The whole listing, exactly as given: write it out, leaving out each image.

RECORDED DATA:
● ● ● ●
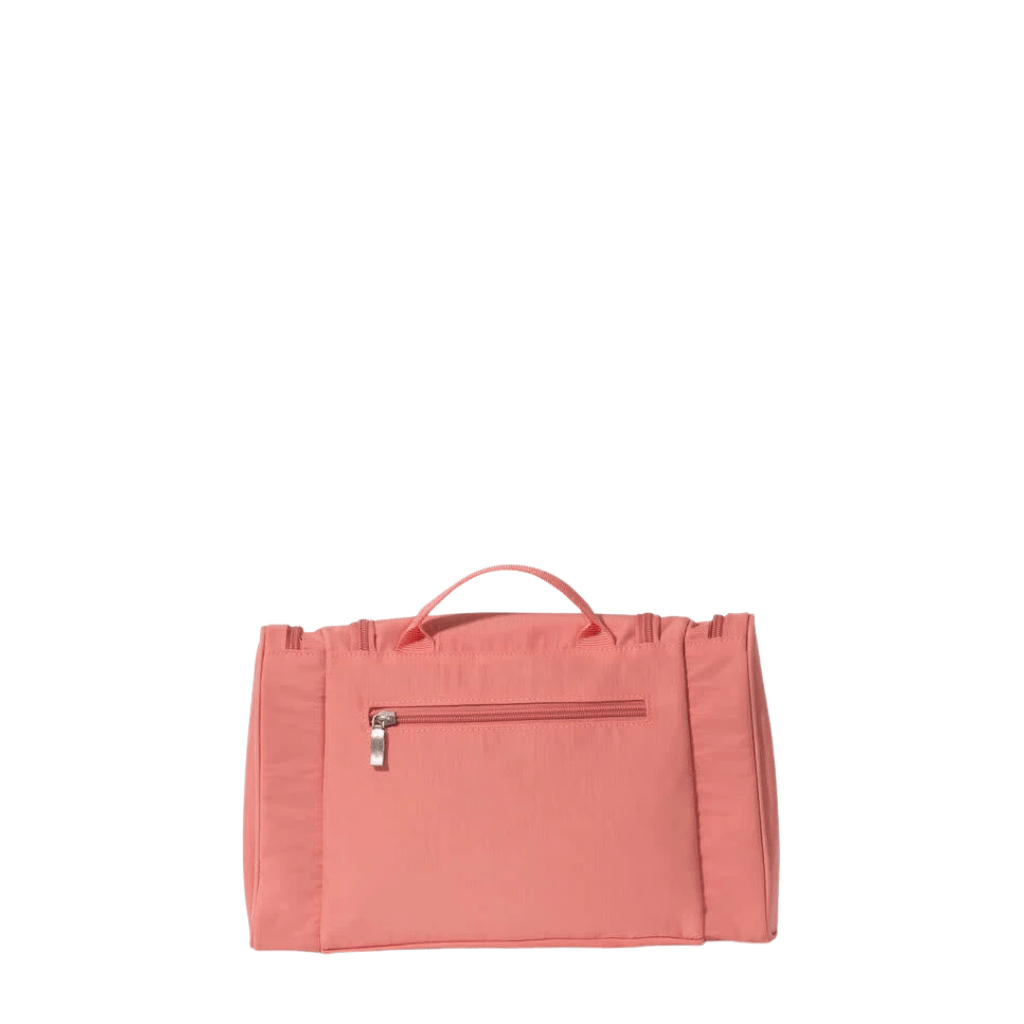 Baggallini Toiletry Kit - Shoetopia Footwear
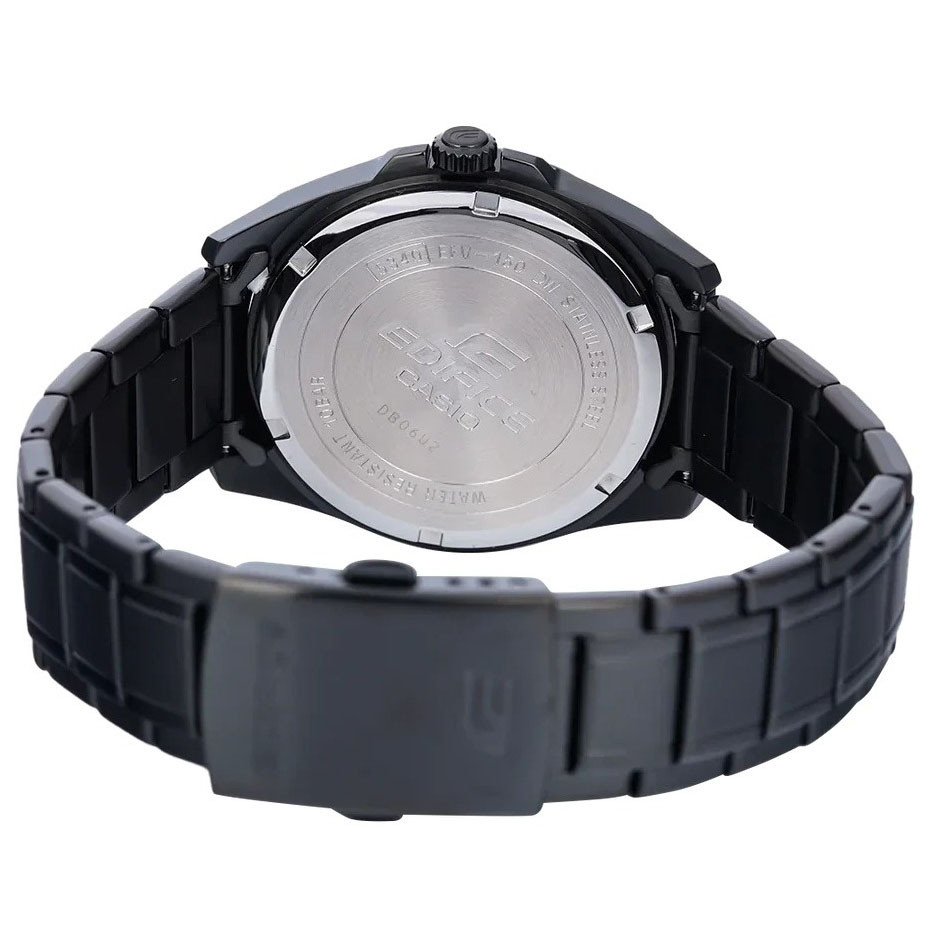 Чоловічий годинник Casio Edifice EFV-150DC-1A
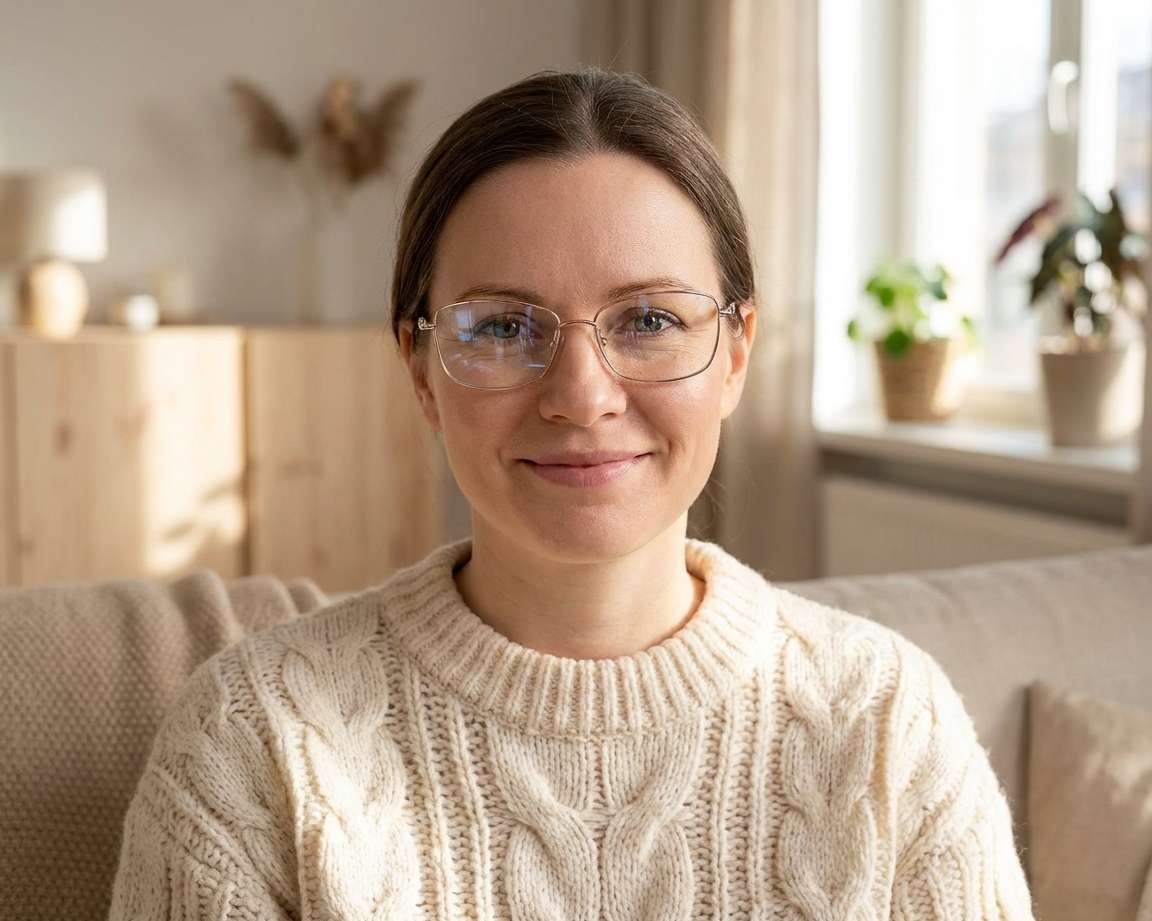 Guess GU2975-V 028 53-15 Rose doré Noir autre vue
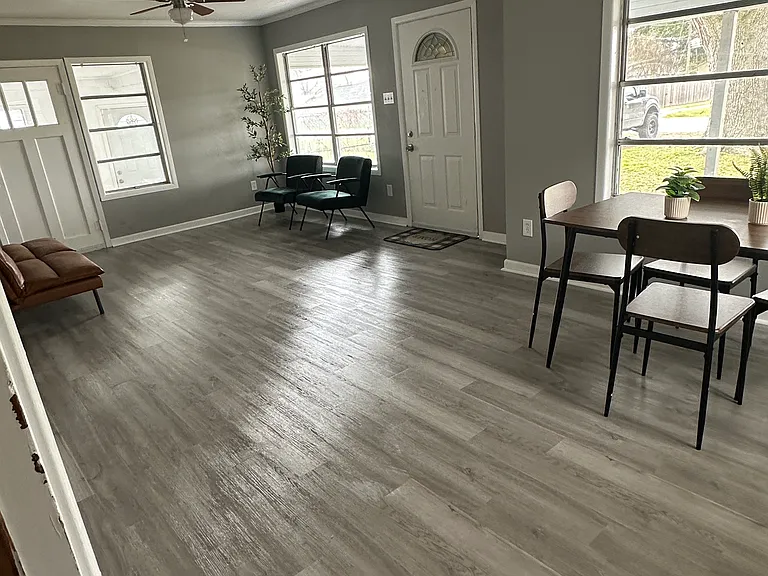 3122 Western Ave #1 — Photo 47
● ● ● ●
RESULT FOR THIS TASK:
 Baggallini Toiletry Kit - Shoetopia Footwear
 Чоловічий годинник Casio Edifice EFV-150DC-1A
 Guess GU2975-V 028 53-15 Rose doré Noir autre vue
 3122 Western Ave #1 — Photo 47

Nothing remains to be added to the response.